While Schulten entered the simulation side of bionanotechnology early, at that point in his career he had been honing the computer simulation of biological processes for almost two decades previously, and had a well-working technology in his group at Beckman. “Some of the questions that were relevant in bionanoengineering were actually pretty straightforward questions where the computer was already pretty good,” remarks Schulten. “And so basically I saw the computer could contribute to this field.” And what the computer offered was an unraveling of the measurement process going on with all the new and unconventional devices that Schulten's collaborators were fabricating. In the laboratory the scientists would measure things, some never before undertaken by anyone, and the computer could help answer questions such as: What does the measurement mean? Where does it come from? And how should I interpret it? For example, why does it take longer for one end of DNA to go through a channel compared to the other end? Why is methylated DNA more mechanically stable? Why is my kinase sensor not working properly? The computational microscope helped provide answers to all of these questions, as well as many more, and in some cases aided optimization of the measurement process.

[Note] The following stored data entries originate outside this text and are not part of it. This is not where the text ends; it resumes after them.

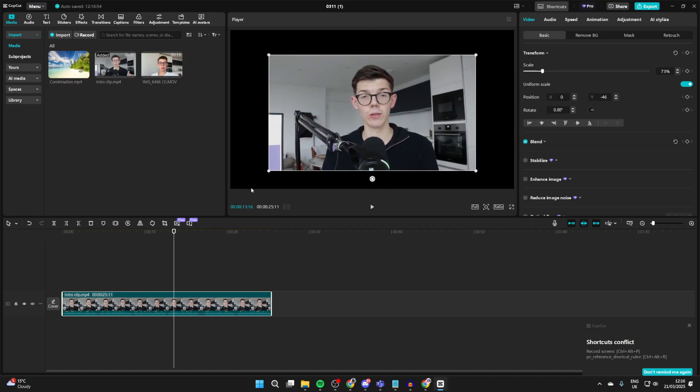If you want to change the actual size of the entire video project, then go to the bottom right of the video preview and click Ratio. At the moment it's using the original size.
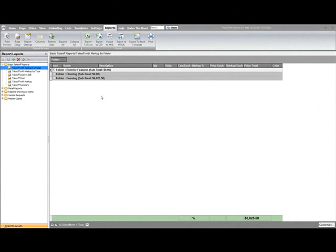Today we're going to talk about reports. Reports are a critical, important part of PlanSwift. I firmly believe that you really should start with your reports before you even start doing a takeoff and creating all of your parts and assemblies.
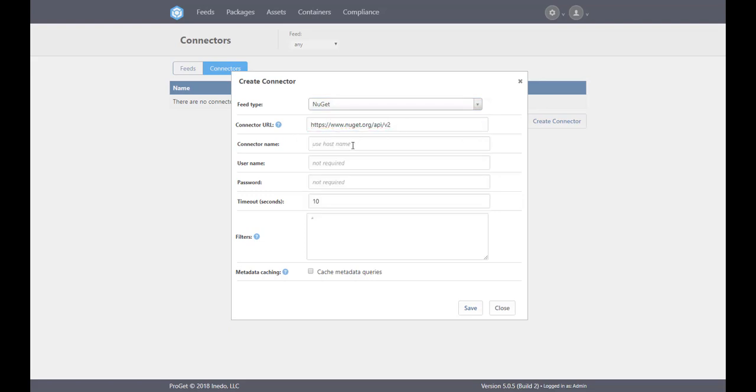To learn more about these options, please see ProGet's documentation. There's a link in this video's description.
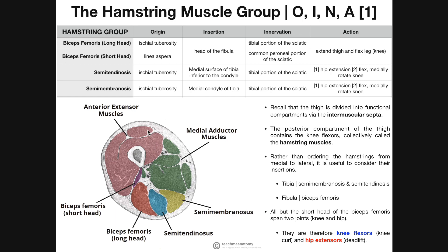Recall that the intermuscular septa — branches of the deep fascia within the thigh — divide the thigh into three functional compartments. We can see those in a cross-section of the thigh. Here's our anterior compartment: these are the knee extensors, where the quadriceps femoris muscles are. Here we have the medial compartment with the adductor muscles. And then in the posterior compartment, these are the hamstrings. In terms of looking at the three individual hamstring muscles, we can tell roughly which ones are which by locating the adductors, because we know that the adductors are medial.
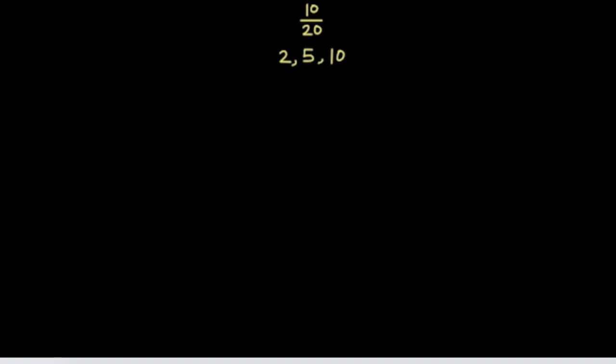To find an equivalent fraction, divide the numerator and the denominator by any common factor other than 1. So, I can divide 10 by 2 and 20 by 2 to get 5 tenths.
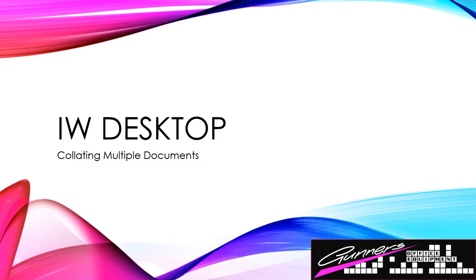G'day everybody, today I'm going to be showing you the collating features inside of IW Desktop.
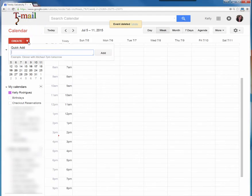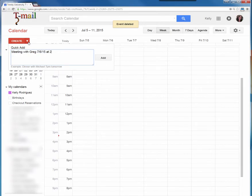Then, type in your info in plain English, telling Google what, with whom, where, and when your appointment is. You might type: meeting with Greg, the date, and the time.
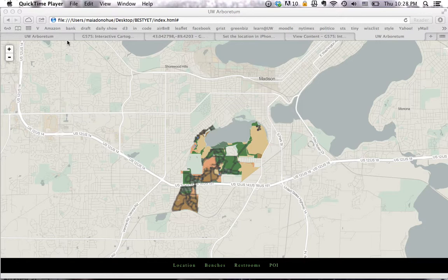For this project, we collaborated with the staff of the UW Arboretum to get the most up-to-date trail information. Moreover, the Arboretum's current map is in Flash, so its being incompatible with web devices was another reason for choosing this project.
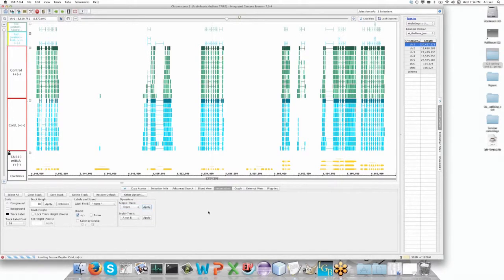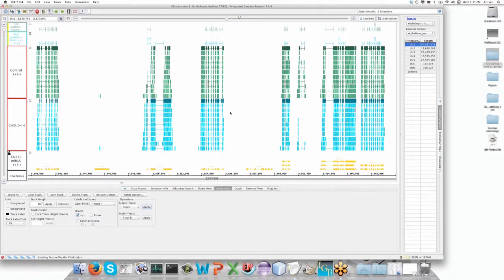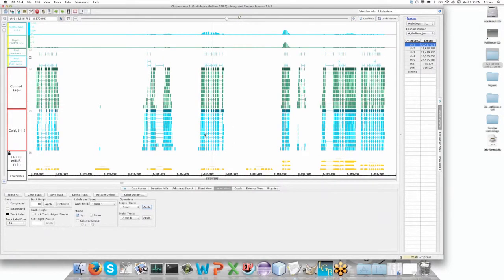What this is going to do is create a graph — not an annotation, which is a model representing your data — but an actual mathematical graph. A depth graph is a numerical summary of every read that's stacked on a nucleotide across this region. It will take all of those reads, those very tall stacks of reads, and render them down into a mathematical output.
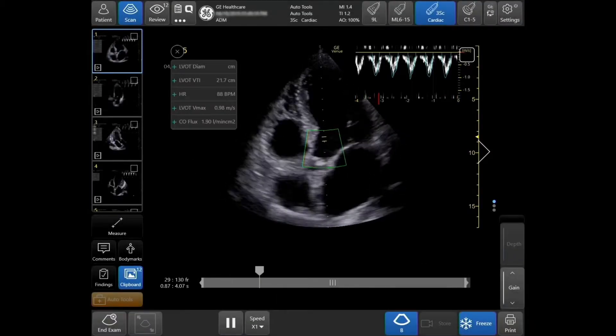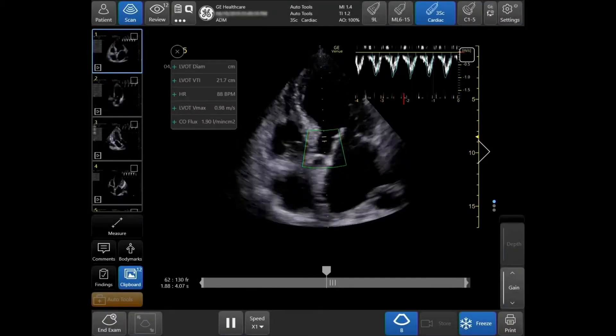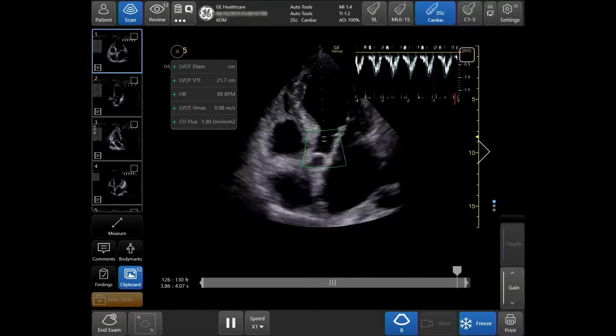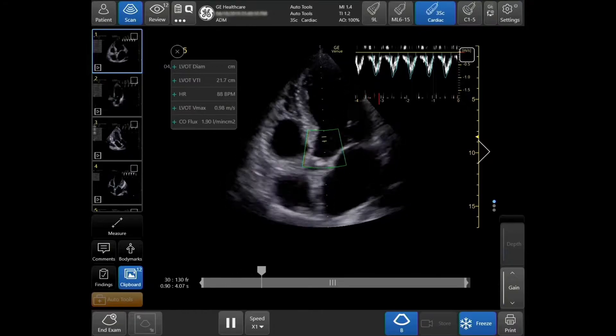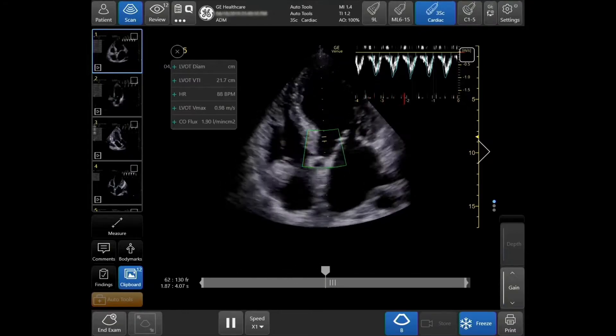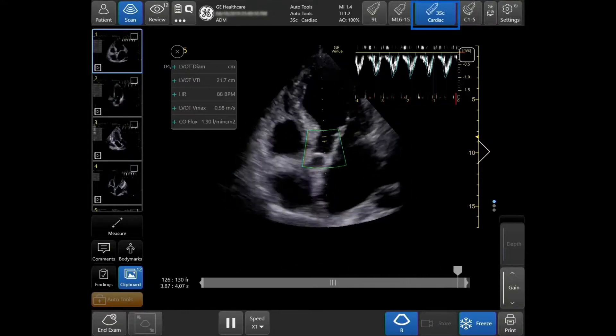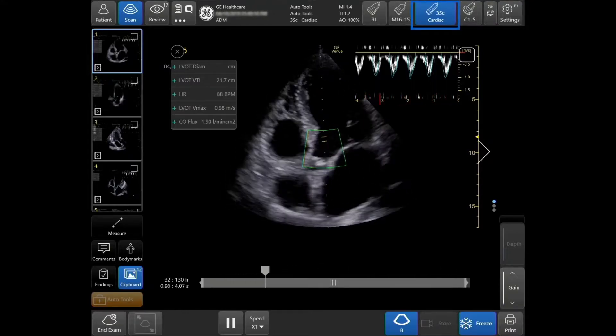Select the correct probe and preset in order to properly use the Auto VTI tool. In this case, the 3SC probe and the cardiac preset are used.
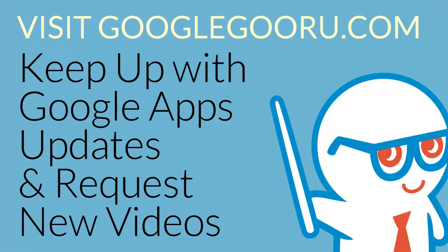I hope this was a good introduction for you. If you have any more questions about Google Reader, please leave us a comment in the section below the video. Thanks.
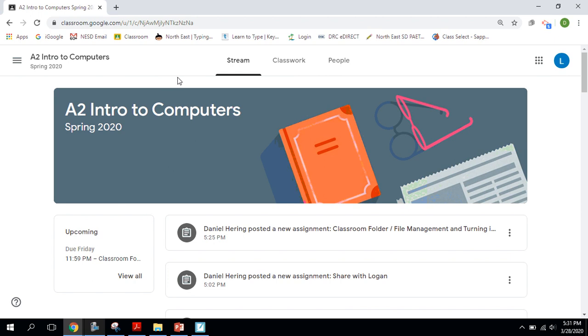When your teacher sets up a Google Classroom and you're invited into that, you automatically have a folder that's created in your Google Drive that your files that you turn into your teacher will automatically be saved into. And then also files that your teacher gives to you and shares with you would also be saved in there.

The technologies the computational microscope are demystifying in this new field of bionanoengineering touch on some of the hottest topics in biology: simplified and inexpensive DNA sequencing, proteins (the kinases) that often go awry in cancer and disease, and epigenetics. Nanodevices have been around for a long time and many forms of them are even found in common household products. Now nanotechnology is being combined with biological systems to make very good devices. Part of that is because the nanoscale is the smallest scale where one can still measure chemistry. As one nanometer is about the width of a typical protein, sensors can go almost to the size of a protein or a molecule and still take instructive measurements. Basically with such small samples, the bionano-device is tailored for single-molecule sensitivity, which is often desired, and makes this such a promising technology. For example, imagine the headaches saved at every level if biopsy of cancer cells only required a tiny amount, because the sensor for it worked at single-molecule specificity. But this tiny expanse of nanodevice plus biomolecule is the perfect size for Schulten's computational microscope. While nanotechnology is now considered “sexy,” as he once put it, Schulten is clear to point out that he has been simulating nanoscale systems for forty years, for that is the scale at which processes happen in the cell. So a device with dimensions of 10nm × 10nm × 10nm is an ideal fit for the computational microscope.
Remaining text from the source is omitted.